> WHAT YOU SHOULD DO
Lines from the beginning of the data through the line containing "1/10/20/30/40/50/100 pièces Gobelets" are to be copied exactly, with no other line included.
+++
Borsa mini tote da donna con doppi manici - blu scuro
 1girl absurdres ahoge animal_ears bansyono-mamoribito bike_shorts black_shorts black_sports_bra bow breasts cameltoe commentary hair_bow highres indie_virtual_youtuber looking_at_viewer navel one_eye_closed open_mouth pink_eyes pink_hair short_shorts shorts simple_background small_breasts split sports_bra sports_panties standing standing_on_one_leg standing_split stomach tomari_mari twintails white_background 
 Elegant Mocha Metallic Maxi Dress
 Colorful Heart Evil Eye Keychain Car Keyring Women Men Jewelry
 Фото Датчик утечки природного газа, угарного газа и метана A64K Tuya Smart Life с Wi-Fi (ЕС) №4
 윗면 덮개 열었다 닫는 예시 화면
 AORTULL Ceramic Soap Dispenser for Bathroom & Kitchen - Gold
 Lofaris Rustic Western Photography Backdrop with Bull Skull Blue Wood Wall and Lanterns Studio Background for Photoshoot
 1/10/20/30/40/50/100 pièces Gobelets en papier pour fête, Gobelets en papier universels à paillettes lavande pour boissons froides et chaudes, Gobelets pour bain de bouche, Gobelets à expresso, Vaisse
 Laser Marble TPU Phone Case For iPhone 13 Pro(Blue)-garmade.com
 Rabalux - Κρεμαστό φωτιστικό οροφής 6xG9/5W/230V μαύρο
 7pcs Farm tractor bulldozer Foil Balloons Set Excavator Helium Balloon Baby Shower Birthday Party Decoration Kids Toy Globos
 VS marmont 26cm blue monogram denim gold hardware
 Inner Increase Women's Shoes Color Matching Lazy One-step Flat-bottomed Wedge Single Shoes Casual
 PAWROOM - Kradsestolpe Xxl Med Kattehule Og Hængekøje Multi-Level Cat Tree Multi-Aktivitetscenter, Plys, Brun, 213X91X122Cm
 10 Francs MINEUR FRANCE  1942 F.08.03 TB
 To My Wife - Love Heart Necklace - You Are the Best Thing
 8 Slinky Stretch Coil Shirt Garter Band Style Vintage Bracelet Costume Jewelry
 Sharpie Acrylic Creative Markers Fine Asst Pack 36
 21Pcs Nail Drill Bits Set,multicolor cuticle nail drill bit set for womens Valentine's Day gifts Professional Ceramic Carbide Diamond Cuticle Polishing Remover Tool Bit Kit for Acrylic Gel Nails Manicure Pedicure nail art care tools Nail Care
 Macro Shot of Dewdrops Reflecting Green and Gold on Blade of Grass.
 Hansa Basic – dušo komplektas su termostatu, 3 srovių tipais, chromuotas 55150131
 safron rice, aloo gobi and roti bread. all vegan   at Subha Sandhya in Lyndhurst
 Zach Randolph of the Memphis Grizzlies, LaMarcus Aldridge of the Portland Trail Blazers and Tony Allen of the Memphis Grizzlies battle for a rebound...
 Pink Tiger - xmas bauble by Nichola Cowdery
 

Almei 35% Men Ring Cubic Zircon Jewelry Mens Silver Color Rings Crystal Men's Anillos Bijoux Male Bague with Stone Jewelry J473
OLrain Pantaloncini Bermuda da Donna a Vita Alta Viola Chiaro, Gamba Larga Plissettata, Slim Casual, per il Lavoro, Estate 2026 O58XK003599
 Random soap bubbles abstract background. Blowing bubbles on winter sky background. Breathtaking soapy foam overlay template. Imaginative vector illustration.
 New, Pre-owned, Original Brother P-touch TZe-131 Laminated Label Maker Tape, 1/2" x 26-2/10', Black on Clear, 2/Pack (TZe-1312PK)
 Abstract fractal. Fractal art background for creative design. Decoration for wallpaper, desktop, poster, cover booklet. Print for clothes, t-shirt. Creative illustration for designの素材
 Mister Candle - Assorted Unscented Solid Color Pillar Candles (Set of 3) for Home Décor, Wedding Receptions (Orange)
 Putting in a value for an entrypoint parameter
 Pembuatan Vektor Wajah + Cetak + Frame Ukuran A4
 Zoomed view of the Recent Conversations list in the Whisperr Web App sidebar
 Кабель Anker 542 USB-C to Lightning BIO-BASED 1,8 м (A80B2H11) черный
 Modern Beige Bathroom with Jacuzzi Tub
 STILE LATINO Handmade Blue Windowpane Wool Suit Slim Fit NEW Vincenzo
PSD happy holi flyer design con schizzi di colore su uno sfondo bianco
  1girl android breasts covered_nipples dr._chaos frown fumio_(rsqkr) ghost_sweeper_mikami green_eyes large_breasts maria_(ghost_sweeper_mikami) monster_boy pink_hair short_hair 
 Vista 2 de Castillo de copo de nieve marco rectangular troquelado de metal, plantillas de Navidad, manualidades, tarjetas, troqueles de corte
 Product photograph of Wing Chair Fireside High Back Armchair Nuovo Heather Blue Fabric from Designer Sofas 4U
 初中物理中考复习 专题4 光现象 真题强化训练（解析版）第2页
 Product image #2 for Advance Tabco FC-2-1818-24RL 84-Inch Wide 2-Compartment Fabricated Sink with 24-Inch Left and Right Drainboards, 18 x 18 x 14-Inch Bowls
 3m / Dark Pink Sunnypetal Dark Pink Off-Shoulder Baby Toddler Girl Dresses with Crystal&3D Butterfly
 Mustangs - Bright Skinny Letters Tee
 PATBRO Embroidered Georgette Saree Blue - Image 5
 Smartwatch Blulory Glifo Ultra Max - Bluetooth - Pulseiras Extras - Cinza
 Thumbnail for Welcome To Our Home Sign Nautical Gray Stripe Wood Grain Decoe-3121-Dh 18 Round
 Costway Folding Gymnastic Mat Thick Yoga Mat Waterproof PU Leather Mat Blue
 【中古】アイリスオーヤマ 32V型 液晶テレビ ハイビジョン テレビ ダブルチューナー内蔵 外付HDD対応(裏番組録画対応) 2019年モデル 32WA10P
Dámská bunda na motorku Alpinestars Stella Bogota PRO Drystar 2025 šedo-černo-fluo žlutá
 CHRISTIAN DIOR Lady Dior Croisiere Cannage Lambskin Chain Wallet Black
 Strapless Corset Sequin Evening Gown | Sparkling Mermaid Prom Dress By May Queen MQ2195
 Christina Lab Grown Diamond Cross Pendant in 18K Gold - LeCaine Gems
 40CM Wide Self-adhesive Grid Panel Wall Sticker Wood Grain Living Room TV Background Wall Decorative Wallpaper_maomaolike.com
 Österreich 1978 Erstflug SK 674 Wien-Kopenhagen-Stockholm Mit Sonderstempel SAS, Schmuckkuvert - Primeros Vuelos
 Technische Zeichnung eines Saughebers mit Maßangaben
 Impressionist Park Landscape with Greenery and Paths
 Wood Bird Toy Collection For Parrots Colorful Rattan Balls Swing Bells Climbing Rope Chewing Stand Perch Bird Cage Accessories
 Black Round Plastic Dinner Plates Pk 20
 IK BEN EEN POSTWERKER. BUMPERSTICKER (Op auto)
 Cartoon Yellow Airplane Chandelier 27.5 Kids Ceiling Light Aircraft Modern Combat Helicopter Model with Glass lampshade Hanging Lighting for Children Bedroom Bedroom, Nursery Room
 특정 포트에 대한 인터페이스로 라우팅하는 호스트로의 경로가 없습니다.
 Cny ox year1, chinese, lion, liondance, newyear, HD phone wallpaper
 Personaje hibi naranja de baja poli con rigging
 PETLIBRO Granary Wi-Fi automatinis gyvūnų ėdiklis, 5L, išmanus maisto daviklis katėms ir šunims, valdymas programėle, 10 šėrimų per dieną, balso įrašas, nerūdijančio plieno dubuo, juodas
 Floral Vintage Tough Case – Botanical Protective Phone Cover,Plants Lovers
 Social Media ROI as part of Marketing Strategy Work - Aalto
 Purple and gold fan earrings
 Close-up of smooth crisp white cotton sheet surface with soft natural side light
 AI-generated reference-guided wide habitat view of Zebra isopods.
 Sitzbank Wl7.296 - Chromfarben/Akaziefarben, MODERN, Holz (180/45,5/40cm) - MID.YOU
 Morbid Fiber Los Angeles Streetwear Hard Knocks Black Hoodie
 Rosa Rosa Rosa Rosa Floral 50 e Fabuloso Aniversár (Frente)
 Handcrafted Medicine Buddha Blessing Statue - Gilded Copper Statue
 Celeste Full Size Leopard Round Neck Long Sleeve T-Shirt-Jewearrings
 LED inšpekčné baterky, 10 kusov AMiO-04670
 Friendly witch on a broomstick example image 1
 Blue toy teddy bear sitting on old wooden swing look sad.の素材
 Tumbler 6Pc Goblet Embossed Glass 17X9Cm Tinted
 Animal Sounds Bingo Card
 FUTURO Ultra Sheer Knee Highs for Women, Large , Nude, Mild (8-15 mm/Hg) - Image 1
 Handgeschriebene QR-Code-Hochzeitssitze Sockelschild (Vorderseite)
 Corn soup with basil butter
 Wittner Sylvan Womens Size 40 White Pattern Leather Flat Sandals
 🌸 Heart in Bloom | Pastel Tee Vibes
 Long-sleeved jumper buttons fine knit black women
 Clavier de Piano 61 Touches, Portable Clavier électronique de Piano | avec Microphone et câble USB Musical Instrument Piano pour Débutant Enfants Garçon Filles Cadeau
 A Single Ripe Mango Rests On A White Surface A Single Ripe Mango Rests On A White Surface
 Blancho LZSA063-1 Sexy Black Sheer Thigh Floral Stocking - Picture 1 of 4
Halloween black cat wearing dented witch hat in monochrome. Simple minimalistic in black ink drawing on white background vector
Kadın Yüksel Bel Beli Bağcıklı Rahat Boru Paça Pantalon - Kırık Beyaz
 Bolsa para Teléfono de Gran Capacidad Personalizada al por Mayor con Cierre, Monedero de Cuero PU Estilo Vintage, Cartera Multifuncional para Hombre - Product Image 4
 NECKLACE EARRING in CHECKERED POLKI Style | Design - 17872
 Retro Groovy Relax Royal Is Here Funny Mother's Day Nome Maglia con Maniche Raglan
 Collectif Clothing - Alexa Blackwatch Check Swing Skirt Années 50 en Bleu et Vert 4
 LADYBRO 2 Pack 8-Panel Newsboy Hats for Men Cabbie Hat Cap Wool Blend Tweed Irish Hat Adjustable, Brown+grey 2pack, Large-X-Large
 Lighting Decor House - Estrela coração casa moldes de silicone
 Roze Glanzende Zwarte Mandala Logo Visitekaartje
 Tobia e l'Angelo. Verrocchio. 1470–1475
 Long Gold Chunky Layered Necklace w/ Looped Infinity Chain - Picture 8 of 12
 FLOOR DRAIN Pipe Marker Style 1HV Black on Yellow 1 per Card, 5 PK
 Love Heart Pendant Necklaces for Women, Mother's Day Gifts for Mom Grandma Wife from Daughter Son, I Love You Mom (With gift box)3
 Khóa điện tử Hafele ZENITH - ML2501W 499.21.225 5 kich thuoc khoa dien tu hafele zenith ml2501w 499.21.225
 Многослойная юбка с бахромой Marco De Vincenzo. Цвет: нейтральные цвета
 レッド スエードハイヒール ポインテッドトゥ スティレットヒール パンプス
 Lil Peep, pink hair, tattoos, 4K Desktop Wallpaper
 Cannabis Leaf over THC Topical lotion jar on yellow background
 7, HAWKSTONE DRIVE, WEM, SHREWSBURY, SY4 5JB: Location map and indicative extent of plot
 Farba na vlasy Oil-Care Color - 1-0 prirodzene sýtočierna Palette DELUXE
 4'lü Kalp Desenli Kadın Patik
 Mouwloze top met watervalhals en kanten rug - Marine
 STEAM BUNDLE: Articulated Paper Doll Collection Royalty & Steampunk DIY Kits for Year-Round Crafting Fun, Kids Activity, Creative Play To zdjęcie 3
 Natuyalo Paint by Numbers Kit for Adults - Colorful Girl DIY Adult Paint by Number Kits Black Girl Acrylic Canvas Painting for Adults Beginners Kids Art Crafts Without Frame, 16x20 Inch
+++
> TASK RESPONSE
Borsa mini tote da donna con doppi manici - blu scuro
 1girl absurdres ahoge animal_ears bansyono-mamoribito bike_shorts black_shorts black_sports_bra bow breasts cameltoe commentary hair_bow highres indie_virtual_youtuber looking_at_viewer navel one_eye_closed open_mouth pink_eyes pink_hair short_shorts shorts simple_background small_breasts split sports_bra sports_panties standing standing_on_one_leg standing_split stomach tomari_mari twintails white_background 
 Elegant Mocha Metallic Maxi Dress
 Colorful Heart Evil Eye Keychain Car Keyring Women Men Jewelry
 Фото Датчик утечки природного газа, угарного газа и метана A64K Tuya Smart Life с Wi-Fi (ЕС) №4
 윗면 덮개 열었다 닫는 예시 화면
 AORTULL Ceramic Soap Dispenser for Bathroom & Kitchen - Gold
 Lofaris Rustic Western Photography Backdrop with Bull Skull Blue Wood Wall and Lanterns Studio Background for Photoshoot
 1/10/20/30/40/50/100 pièces Gobelets en papier pour fête, Gobelets en papier universels à paillettes lavande pour boissons froides et chaudes, Gobelets pour bain de bouche, Gobelets à expresso, Vaisse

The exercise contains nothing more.